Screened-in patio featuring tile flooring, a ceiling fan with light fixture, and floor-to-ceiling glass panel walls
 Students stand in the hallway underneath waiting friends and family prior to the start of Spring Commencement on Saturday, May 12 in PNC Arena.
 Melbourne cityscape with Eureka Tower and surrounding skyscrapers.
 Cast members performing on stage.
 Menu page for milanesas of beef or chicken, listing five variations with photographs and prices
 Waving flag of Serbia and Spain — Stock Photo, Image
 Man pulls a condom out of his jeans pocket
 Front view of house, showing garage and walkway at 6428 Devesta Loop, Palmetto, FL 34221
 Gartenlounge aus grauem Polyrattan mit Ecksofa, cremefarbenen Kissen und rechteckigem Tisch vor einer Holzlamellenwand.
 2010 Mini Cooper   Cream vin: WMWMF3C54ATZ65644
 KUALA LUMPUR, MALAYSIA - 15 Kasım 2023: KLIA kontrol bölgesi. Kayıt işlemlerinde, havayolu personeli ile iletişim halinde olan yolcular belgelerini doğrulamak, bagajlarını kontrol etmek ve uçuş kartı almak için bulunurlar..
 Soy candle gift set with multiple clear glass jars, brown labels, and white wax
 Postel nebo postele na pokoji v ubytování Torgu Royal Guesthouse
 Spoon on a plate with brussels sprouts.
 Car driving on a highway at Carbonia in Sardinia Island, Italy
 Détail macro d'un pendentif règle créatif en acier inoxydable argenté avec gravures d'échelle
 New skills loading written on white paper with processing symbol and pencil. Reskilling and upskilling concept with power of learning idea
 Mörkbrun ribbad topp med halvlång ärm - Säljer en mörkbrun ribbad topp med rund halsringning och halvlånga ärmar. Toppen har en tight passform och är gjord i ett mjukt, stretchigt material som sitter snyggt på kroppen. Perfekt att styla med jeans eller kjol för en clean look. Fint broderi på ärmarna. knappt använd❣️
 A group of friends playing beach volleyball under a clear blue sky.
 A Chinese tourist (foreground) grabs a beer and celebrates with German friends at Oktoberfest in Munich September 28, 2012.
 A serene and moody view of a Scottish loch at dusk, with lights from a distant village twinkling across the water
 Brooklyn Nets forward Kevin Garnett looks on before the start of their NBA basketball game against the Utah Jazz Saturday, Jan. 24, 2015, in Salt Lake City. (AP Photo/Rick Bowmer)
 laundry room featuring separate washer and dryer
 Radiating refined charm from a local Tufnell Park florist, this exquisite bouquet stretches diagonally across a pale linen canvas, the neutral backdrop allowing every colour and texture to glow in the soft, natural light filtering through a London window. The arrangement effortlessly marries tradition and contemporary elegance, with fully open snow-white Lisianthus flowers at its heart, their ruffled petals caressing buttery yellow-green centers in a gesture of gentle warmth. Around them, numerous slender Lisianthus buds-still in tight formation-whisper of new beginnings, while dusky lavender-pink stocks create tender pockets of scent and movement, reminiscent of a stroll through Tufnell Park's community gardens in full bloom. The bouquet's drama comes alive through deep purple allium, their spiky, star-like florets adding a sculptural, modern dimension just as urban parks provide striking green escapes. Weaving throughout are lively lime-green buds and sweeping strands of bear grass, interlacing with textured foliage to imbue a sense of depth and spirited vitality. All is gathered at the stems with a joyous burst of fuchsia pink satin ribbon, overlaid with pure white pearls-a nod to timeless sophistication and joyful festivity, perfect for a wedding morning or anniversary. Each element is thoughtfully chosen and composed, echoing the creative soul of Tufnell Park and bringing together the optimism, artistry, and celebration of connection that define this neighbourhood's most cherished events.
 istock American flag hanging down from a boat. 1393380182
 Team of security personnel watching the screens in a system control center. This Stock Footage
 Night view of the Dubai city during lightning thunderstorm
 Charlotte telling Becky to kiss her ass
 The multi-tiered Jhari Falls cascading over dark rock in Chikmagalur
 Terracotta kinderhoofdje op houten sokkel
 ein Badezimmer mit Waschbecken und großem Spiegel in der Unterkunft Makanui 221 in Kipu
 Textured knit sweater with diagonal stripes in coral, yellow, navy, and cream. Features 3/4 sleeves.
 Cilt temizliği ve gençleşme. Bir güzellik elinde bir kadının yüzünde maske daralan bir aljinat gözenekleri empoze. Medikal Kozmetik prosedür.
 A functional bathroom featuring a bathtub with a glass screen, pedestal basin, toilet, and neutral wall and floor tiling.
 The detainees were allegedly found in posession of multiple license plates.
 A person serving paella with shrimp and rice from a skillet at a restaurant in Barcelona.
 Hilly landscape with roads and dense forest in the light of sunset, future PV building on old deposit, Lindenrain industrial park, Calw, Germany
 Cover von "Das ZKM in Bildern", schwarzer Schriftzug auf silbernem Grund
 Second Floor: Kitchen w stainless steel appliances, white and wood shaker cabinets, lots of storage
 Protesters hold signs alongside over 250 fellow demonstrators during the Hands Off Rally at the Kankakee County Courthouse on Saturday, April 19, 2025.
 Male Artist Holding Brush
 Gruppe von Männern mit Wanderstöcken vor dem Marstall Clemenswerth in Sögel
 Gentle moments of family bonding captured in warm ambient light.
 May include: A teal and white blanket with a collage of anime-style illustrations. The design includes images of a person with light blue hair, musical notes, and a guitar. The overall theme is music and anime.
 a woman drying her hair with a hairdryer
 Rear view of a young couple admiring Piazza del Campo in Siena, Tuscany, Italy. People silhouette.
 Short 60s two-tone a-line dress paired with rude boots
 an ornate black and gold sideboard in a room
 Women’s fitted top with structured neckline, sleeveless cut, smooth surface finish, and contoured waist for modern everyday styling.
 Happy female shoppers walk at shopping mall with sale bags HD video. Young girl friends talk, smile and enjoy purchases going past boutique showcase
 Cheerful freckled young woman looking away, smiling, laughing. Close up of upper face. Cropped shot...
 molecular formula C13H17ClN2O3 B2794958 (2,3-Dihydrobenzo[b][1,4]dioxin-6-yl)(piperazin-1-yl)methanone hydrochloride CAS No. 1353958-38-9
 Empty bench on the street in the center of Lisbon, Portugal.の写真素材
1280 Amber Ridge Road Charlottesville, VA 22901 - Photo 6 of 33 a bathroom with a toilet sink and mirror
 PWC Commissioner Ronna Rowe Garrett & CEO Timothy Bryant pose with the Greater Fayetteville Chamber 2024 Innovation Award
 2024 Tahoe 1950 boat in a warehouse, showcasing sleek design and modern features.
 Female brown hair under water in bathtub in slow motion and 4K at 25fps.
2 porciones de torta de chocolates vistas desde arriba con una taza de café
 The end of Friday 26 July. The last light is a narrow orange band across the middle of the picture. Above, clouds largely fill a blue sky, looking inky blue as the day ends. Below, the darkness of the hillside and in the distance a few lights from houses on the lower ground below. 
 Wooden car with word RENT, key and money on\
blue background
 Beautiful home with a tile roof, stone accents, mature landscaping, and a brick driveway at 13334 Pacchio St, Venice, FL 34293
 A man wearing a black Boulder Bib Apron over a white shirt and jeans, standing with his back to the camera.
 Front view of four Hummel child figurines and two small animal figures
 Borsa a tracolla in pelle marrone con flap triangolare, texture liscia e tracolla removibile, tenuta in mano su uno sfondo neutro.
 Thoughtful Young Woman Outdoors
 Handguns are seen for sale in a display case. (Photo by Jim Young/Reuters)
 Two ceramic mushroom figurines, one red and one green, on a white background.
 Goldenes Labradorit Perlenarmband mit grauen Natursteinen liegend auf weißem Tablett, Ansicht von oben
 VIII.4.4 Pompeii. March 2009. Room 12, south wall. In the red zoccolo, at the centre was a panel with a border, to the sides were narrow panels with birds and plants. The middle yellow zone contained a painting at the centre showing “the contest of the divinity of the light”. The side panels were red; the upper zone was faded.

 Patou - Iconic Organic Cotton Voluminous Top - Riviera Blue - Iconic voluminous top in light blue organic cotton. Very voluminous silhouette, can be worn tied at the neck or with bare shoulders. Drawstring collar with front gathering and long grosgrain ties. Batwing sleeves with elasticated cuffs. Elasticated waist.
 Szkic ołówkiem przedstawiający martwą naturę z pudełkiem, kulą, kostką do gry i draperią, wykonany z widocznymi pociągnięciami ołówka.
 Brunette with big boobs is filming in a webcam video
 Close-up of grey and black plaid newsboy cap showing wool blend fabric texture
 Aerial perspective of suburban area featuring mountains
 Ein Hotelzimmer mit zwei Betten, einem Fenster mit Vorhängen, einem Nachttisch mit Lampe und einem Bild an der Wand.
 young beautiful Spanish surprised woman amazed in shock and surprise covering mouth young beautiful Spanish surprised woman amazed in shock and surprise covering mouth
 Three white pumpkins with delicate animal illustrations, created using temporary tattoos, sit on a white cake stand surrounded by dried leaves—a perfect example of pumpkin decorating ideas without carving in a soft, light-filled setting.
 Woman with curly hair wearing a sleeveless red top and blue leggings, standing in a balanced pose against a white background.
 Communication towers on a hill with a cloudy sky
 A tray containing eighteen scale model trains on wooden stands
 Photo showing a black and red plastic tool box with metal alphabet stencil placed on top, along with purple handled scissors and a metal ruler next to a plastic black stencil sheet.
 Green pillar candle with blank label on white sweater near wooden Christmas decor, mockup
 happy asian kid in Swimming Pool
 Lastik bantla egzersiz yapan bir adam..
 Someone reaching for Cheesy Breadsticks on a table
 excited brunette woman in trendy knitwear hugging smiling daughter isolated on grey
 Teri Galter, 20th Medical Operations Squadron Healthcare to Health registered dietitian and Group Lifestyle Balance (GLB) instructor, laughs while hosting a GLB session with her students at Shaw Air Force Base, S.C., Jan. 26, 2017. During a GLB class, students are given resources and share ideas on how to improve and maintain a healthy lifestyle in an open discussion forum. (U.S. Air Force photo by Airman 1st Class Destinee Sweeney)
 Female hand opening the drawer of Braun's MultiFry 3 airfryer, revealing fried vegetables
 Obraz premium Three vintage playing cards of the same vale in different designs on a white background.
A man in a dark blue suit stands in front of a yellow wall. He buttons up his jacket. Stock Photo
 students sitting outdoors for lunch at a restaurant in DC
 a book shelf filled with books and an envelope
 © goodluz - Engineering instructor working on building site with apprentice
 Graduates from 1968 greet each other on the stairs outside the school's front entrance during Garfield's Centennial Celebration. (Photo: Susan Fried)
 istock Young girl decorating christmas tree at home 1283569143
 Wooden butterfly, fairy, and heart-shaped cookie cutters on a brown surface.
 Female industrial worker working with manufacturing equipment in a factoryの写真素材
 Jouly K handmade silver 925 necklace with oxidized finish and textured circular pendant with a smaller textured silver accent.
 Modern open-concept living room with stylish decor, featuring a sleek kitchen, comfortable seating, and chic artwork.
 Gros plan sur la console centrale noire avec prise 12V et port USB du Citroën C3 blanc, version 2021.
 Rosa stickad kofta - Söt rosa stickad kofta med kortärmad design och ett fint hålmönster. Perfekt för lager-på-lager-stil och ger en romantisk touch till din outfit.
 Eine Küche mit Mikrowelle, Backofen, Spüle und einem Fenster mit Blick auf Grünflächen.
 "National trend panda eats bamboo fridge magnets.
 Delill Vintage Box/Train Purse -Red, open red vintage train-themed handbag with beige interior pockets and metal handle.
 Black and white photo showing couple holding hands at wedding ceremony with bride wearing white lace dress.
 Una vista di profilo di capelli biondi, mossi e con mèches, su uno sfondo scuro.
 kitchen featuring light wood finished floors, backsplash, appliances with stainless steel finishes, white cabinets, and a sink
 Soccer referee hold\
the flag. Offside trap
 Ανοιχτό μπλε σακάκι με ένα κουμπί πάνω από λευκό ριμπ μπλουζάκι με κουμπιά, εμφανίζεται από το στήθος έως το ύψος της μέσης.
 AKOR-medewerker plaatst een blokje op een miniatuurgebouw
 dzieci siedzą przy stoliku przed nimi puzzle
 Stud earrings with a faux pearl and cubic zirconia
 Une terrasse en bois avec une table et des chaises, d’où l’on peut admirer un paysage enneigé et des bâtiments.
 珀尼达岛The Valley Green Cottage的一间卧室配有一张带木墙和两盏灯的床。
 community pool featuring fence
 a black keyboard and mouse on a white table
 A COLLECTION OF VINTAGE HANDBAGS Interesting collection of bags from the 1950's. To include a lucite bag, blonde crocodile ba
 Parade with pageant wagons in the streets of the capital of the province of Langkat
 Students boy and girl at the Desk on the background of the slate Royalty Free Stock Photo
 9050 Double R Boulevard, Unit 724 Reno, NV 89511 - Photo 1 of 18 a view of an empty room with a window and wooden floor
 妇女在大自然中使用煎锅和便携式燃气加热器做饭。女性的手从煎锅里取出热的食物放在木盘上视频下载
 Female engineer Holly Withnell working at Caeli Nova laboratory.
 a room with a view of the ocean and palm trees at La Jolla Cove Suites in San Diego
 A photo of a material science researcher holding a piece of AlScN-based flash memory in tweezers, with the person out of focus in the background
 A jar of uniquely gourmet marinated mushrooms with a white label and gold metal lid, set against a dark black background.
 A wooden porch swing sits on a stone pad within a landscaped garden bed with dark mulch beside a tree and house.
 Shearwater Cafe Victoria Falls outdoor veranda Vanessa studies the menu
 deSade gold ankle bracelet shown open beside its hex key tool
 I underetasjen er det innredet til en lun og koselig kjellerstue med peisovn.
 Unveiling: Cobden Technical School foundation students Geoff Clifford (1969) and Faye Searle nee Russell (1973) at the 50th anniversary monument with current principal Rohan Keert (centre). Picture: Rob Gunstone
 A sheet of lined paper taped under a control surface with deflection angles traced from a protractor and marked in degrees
__________
Copy out every line of the listing that includes the string "building".

▸ **TASK OUTPUT**
 Hilly landscape with roads and dense forest in the light of sunset, future PV building on old deposit, Lindenrain industrial park, Calw, Germany
 © goodluz - Engineering instructor working on building site with apprentice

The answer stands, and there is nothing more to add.